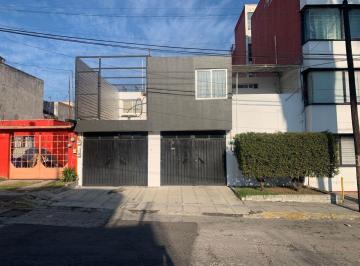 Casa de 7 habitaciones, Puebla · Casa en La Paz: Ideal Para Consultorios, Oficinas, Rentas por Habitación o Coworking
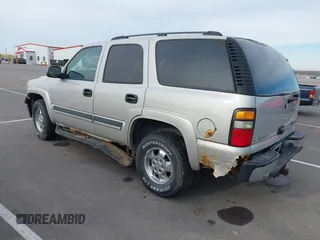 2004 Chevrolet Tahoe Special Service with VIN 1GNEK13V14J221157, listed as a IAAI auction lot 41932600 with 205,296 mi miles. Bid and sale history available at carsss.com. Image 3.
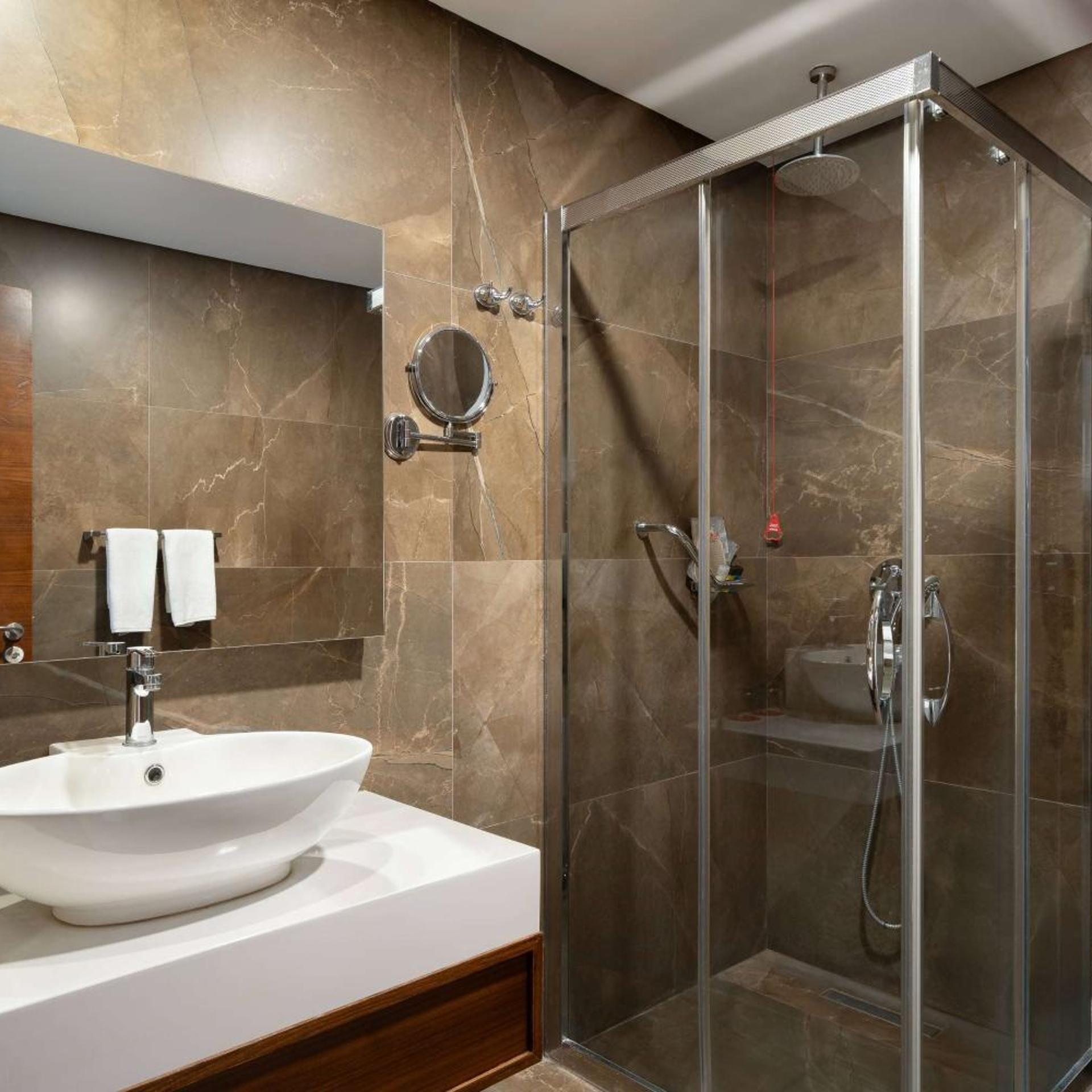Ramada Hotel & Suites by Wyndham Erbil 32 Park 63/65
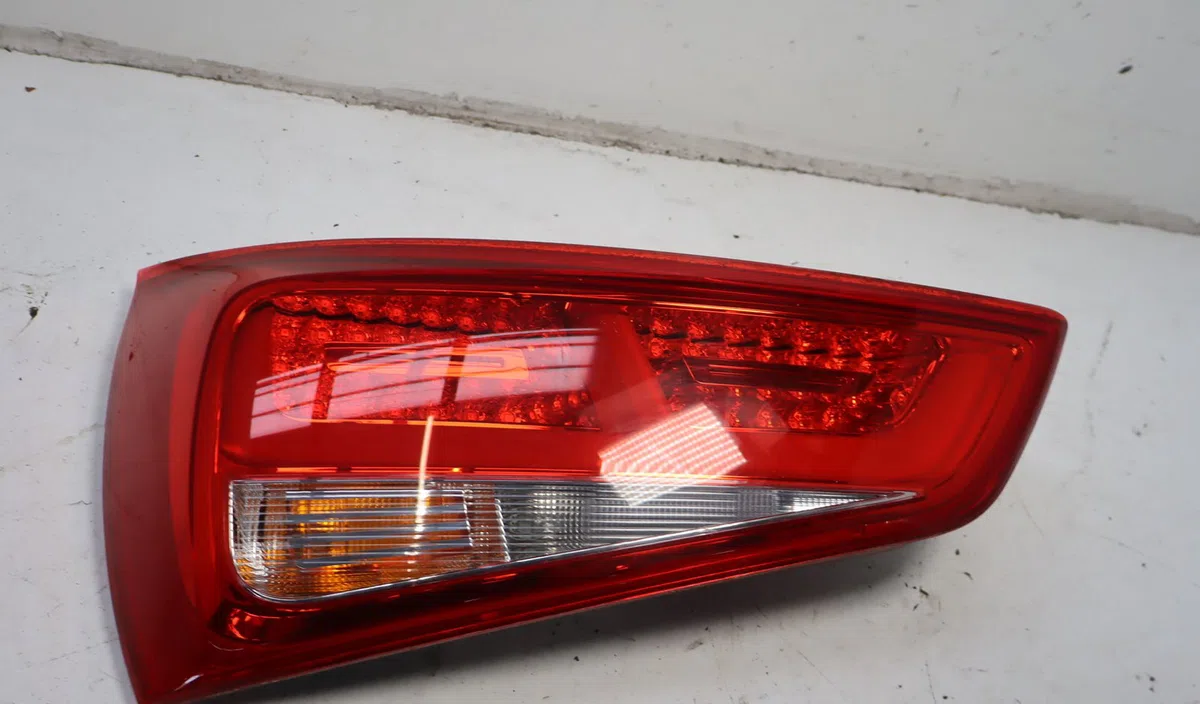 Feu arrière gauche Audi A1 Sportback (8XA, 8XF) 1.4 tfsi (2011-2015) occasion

__WHAT YOU HAVE TO DO__: Starting with the line that holds "Ramada Hotel &", repeat exactly every line through the end of the material above, both ends included, without the pictures.

__RESPONSE AREA__:
Ramada Hotel & Suites by Wyndham Erbil 32 Park 63/65
 Feu arrière gauche Audi A1 Sportback (8XA, 8XF) 1.4 tfsi (2011-2015) occasion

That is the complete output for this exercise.